= Exercise =
When you repeat the material, keep each line exact and omit the pictures.
######
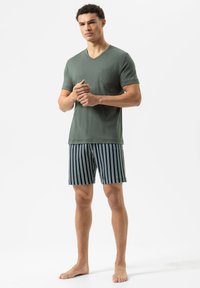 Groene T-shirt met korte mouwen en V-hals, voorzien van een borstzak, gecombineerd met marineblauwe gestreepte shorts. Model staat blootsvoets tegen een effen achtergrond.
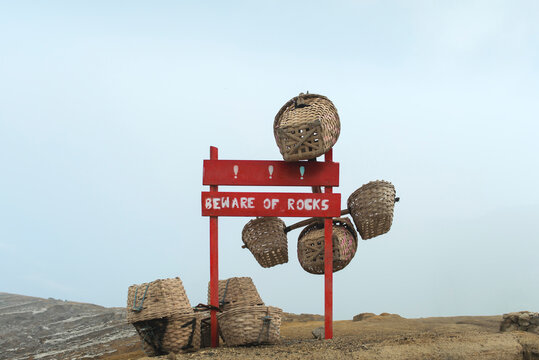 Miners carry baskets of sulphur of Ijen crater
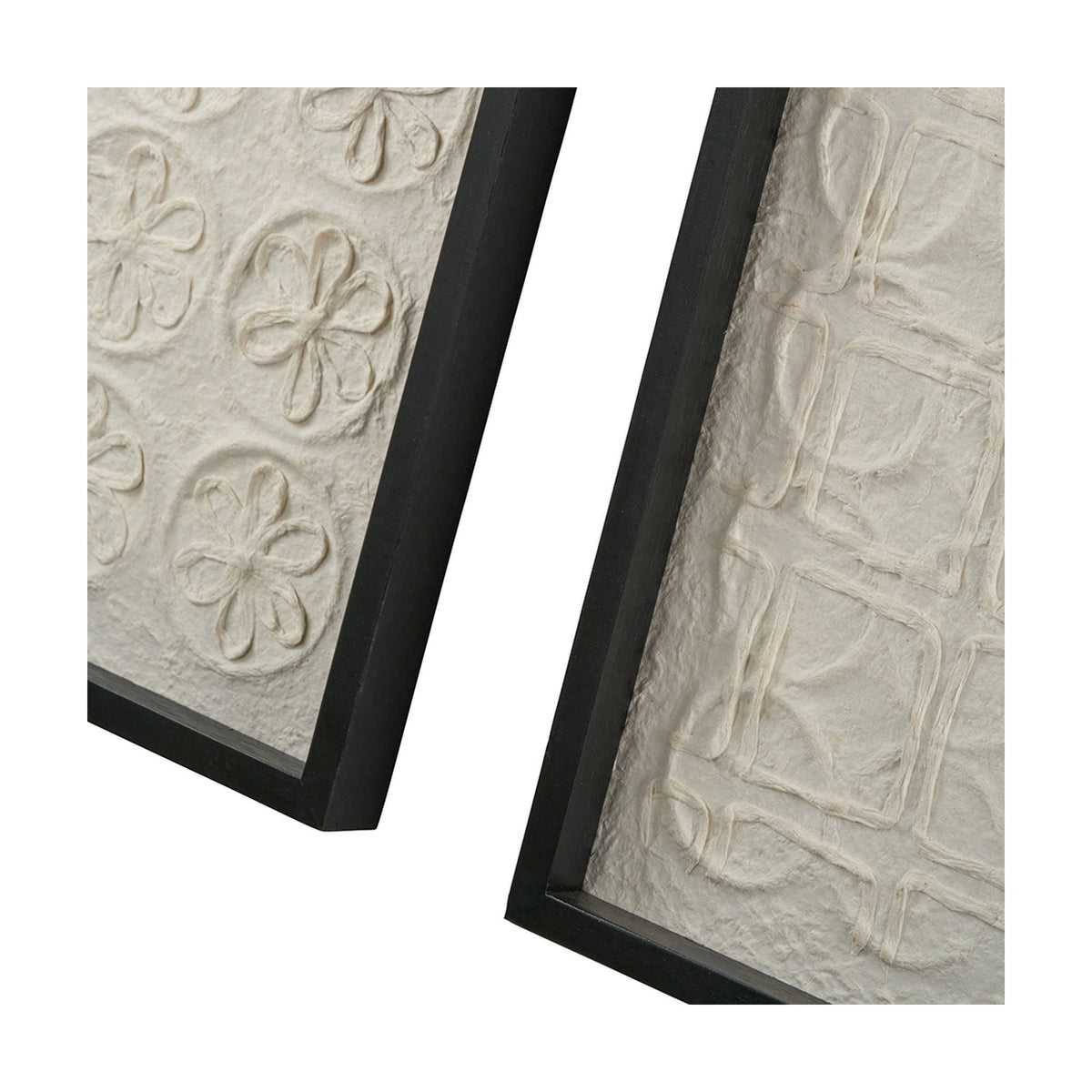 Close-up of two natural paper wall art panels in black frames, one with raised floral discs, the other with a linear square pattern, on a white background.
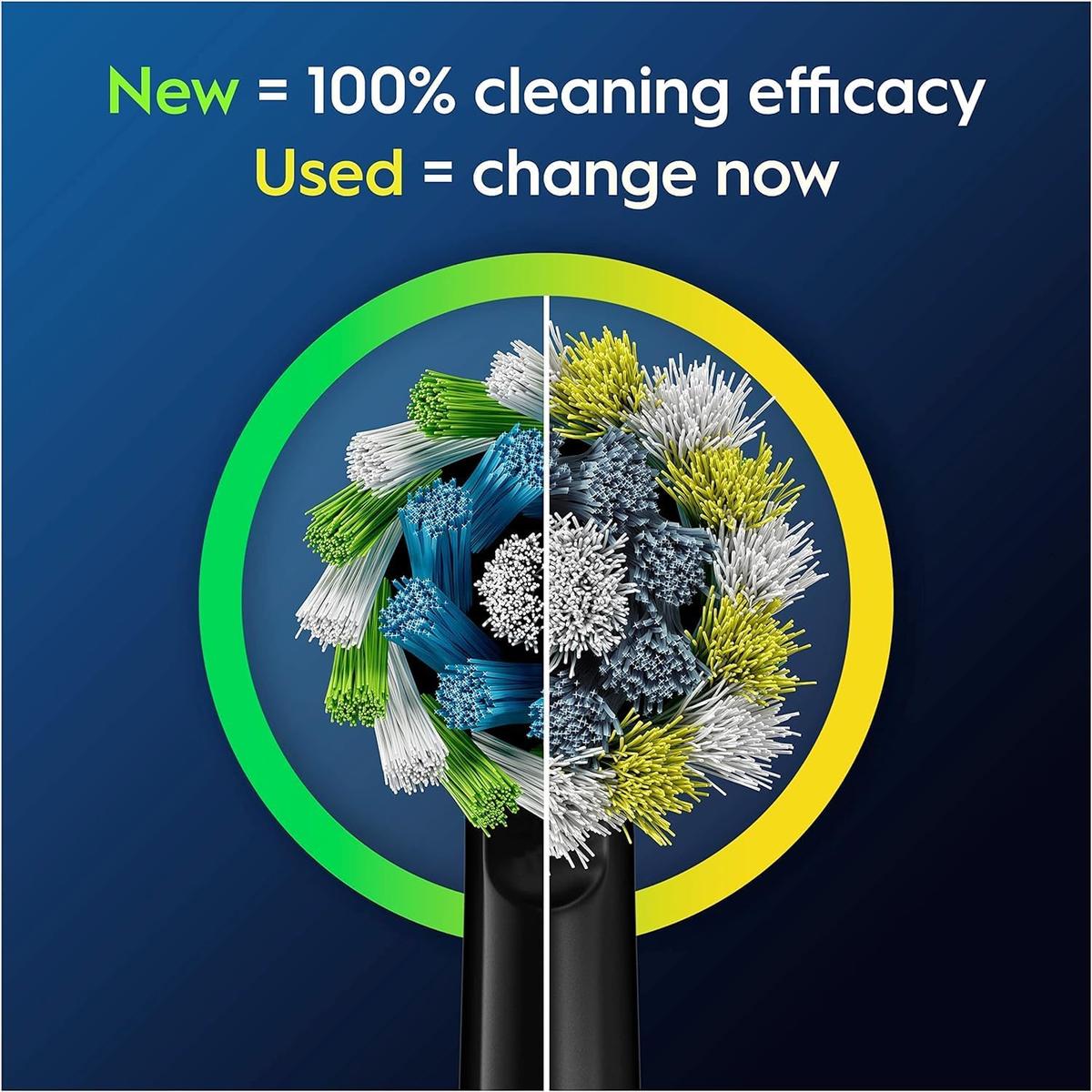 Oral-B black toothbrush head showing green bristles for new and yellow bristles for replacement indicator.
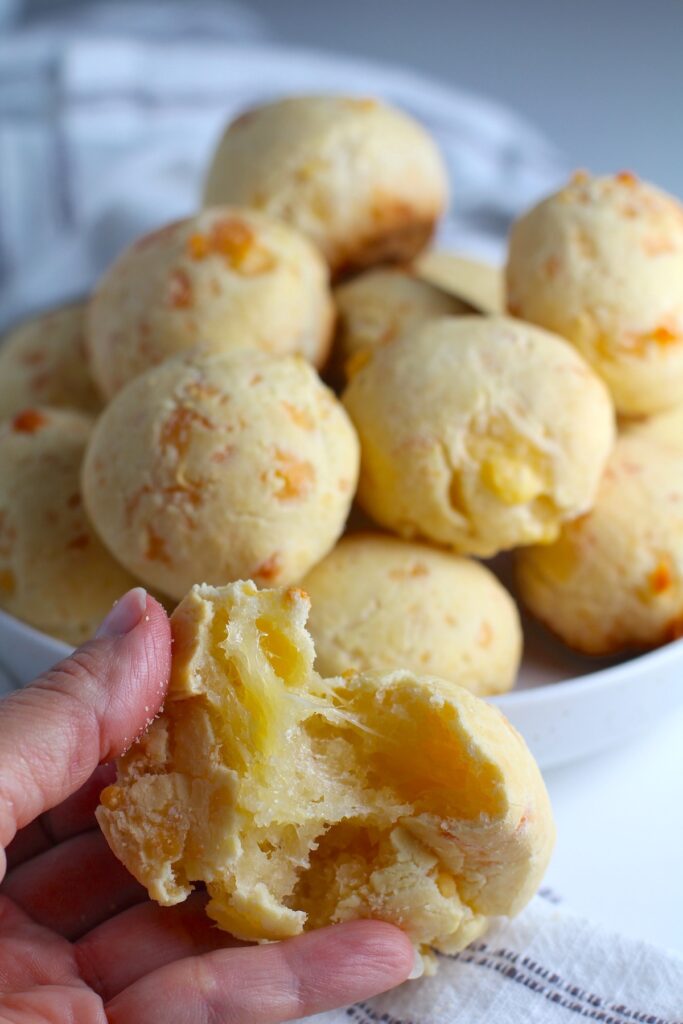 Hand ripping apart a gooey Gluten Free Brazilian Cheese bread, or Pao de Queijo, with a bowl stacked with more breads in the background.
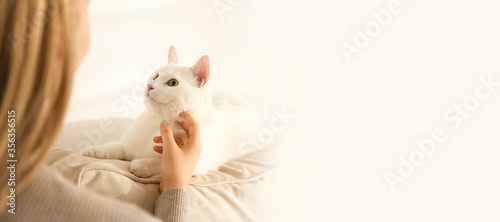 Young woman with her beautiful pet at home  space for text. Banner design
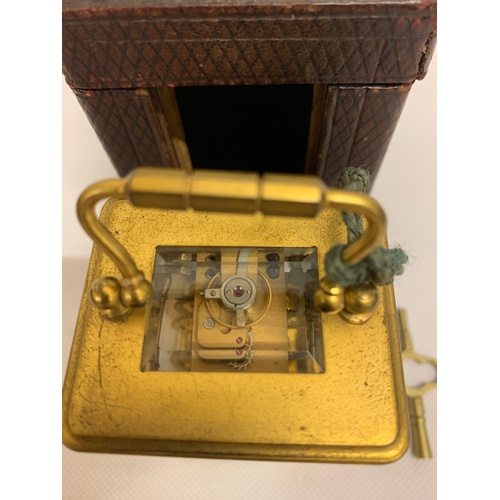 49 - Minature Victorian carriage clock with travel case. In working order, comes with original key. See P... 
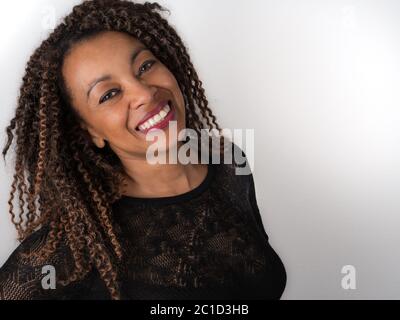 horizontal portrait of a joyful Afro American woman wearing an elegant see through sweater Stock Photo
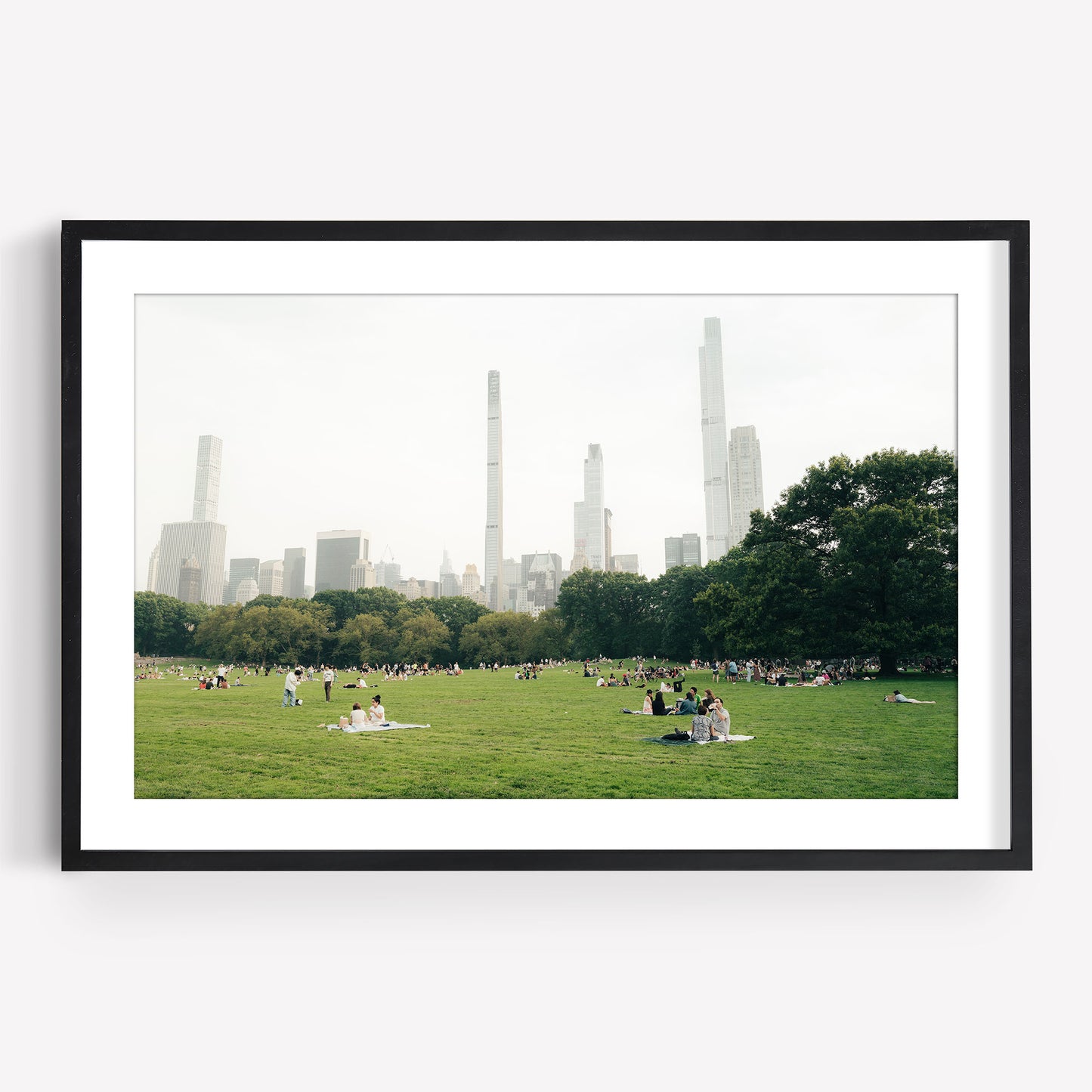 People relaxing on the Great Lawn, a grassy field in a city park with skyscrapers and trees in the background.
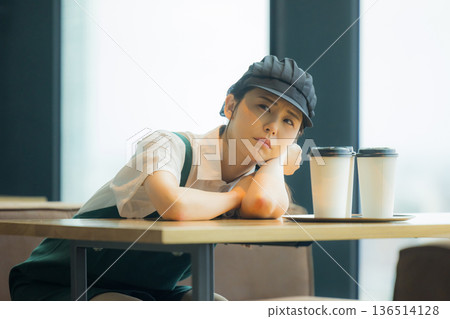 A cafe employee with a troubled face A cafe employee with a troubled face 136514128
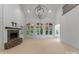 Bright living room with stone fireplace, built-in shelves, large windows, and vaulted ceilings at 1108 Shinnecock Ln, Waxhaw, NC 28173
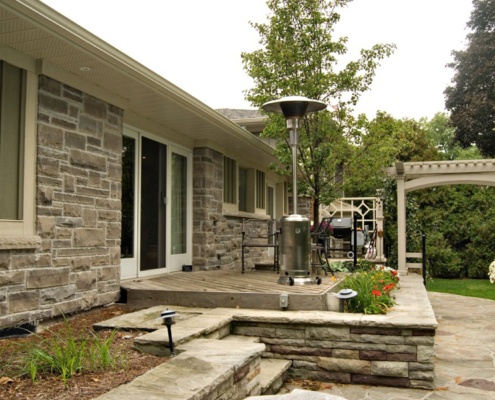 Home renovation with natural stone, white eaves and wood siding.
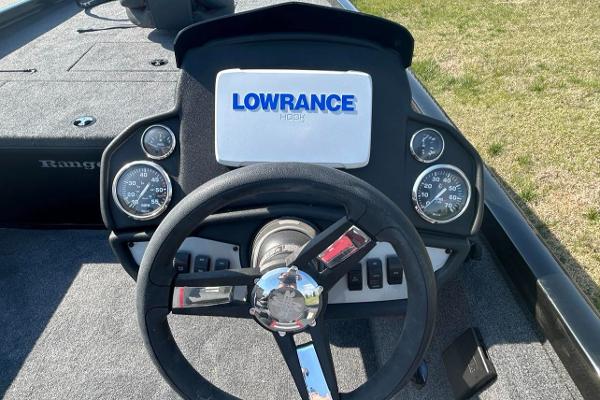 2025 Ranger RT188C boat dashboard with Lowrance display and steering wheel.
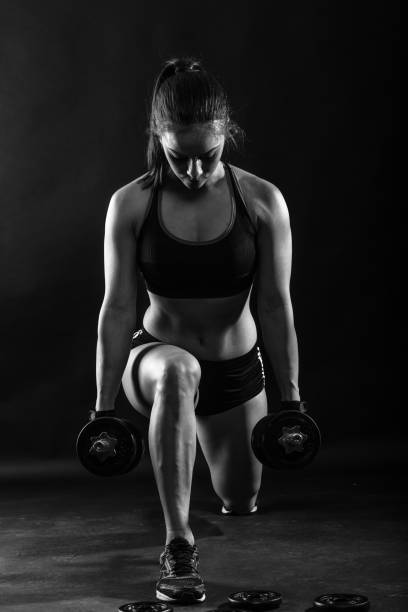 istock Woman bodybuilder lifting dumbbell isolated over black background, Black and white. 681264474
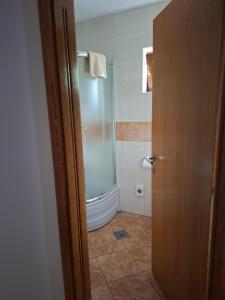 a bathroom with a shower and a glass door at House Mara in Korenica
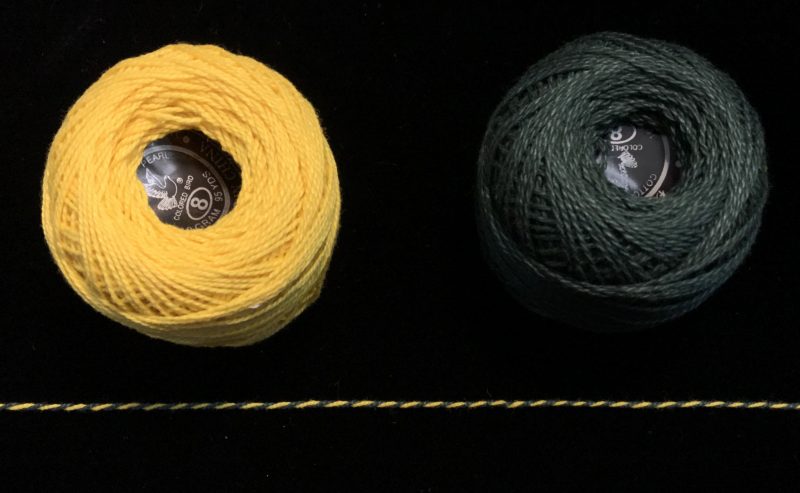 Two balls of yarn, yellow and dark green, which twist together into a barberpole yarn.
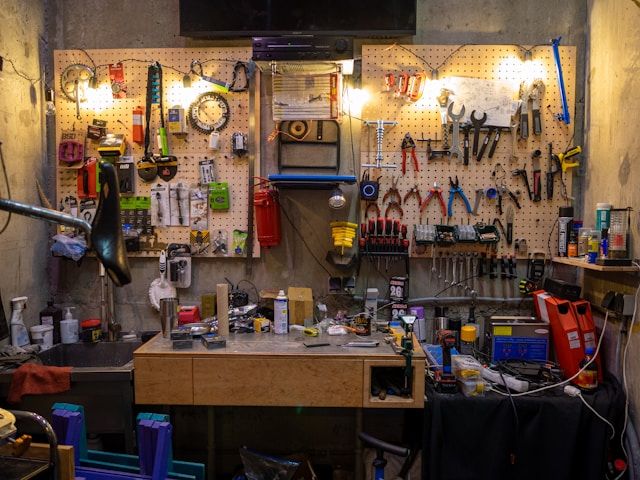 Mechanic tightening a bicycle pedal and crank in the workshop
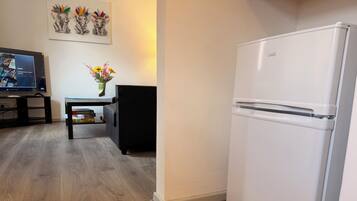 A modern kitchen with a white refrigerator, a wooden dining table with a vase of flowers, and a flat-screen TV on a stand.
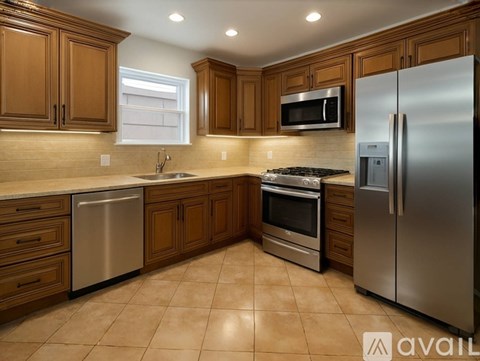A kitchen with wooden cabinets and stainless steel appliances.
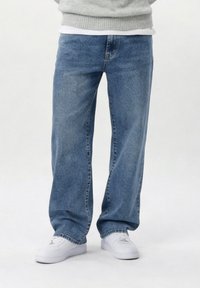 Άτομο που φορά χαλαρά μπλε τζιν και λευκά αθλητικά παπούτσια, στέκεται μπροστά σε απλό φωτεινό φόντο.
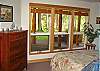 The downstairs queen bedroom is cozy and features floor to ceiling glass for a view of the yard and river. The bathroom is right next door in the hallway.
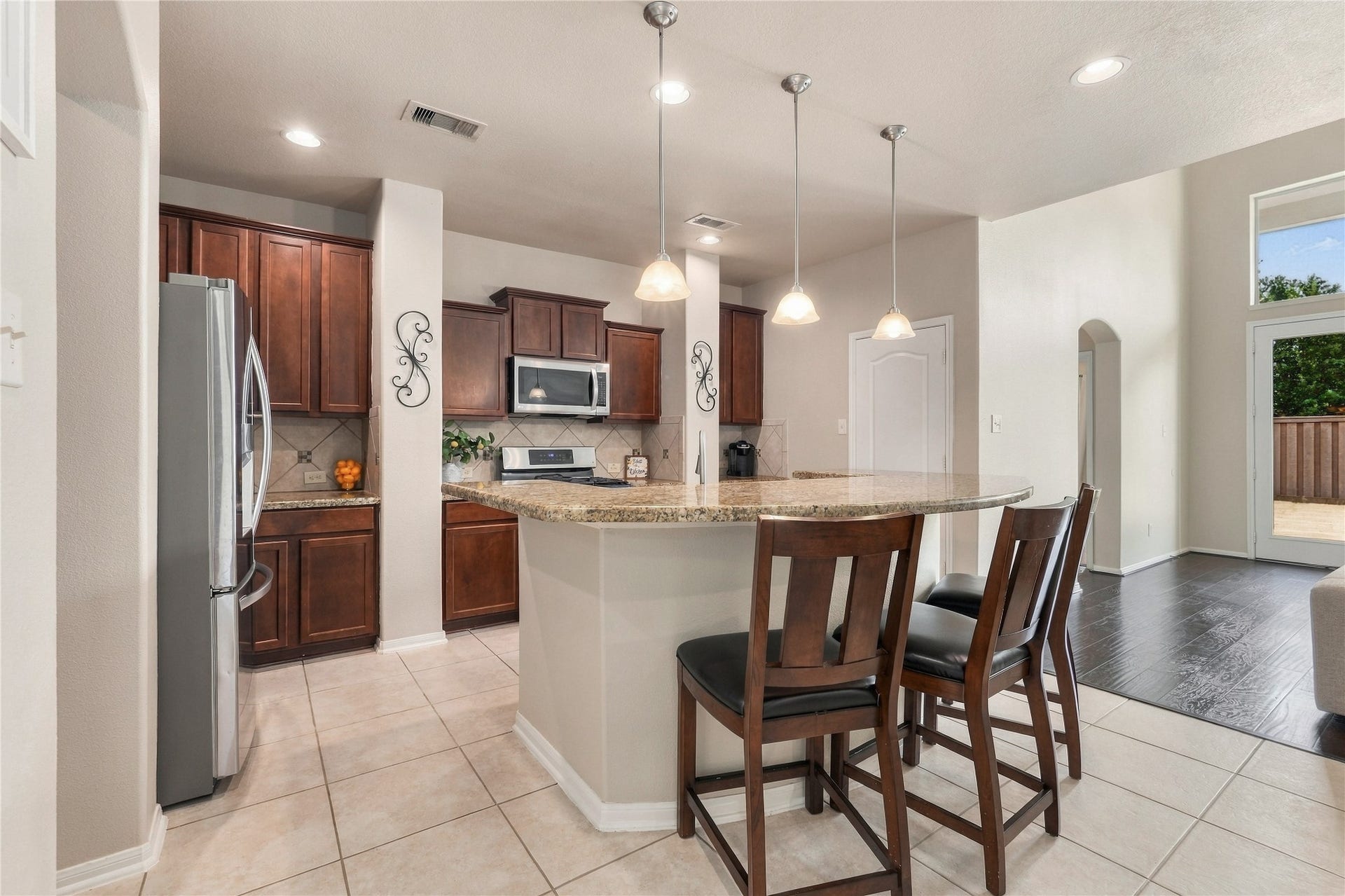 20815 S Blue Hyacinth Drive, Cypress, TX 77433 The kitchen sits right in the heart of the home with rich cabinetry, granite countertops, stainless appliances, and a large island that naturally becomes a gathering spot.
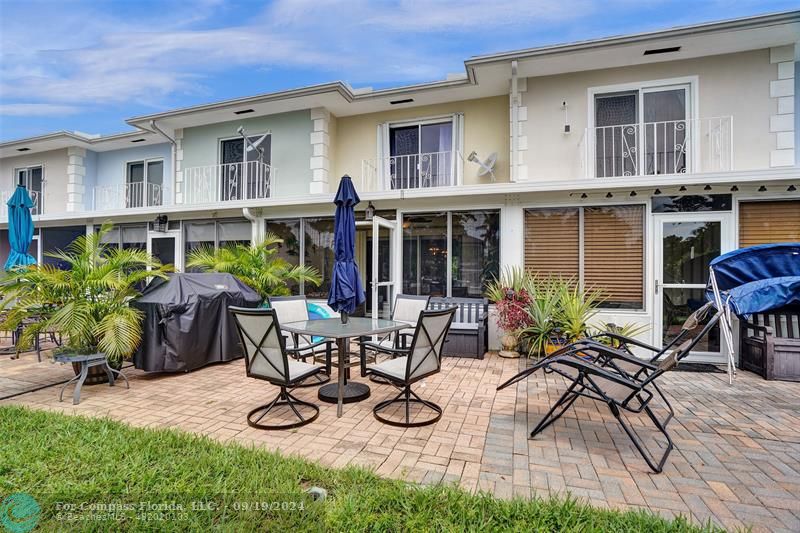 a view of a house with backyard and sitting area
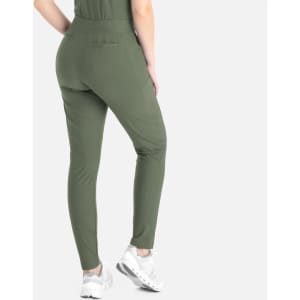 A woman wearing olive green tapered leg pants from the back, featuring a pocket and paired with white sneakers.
######
= Exercise result =
 Groene T-shirt met korte mouwen en V-hals, voorzien van een borstzak, gecombineerd met marineblauwe gestreepte shorts. Model staat blootsvoets tegen een effen achtergrond.
 Miners carry baskets of sulphur of Ijen crater
 Close-up of two natural paper wall art panels in black frames, one with raised floral discs, the other with a linear square pattern, on a white background.
 Oral-B black toothbrush head showing green bristles for new and yellow bristles for replacement indicator.
 Hand ripping apart a gooey Gluten Free Brazilian Cheese bread, or Pao de Queijo, with a bowl stacked with more breads in the background.
 Young woman with her beautiful pet at home  space for text. Banner design
 49 - Minature Victorian carriage clock with travel case. In working order, comes with original key. See P... 
 horizontal portrait of a joyful Afro American woman wearing an elegant see through sweater Stock Photo
 People relaxing on the Great Lawn, a grassy field in a city park with skyscrapers and trees in the background.
 A cafe employee with a troubled face A cafe employee with a troubled face 136514128
 Bright living room with stone fireplace, built-in shelves, large windows, and vaulted ceilings at 1108 Shinnecock Ln, Waxhaw, NC 28173
 Home renovation with natural stone, white eaves and wood siding.
 2025 Ranger RT188C boat dashboard with Lowrance display and steering wheel.
 istock Woman bodybuilder lifting dumbbell isolated over black background, Black and white. 681264474
 a bathroom with a shower and a glass door at House Mara in Korenica
 Two balls of yarn, yellow and dark green, which twist together into a barberpole yarn.
 Mechanic tightening a bicycle pedal and crank in the workshop
 A modern kitchen with a white refrigerator, a wooden dining table with a vase of flowers, and a flat-screen TV on a stand.
A kitchen with wooden cabinets and stainless steel appliances.
 Άτομο που φορά χαλαρά μπλε τζιν και λευκά αθλητικά παπούτσια, στέκεται μπροστά σε απλό φωτεινό φόντο.
 The downstairs queen bedroom is cozy and features floor to ceiling glass for a view of the yard and river. The bathroom is right next door in the hallway.
 20815 S Blue Hyacinth Drive, Cypress, TX 77433 The kitchen sits right in the heart of the home with rich cabinetry, granite countertops, stainless appliances, and a large island that naturally becomes a gathering spot.
 a view of a house with backyard and sitting area
 A woman wearing olive green tapered leg pants from the back, featuring a pocket and paired with white sneakers.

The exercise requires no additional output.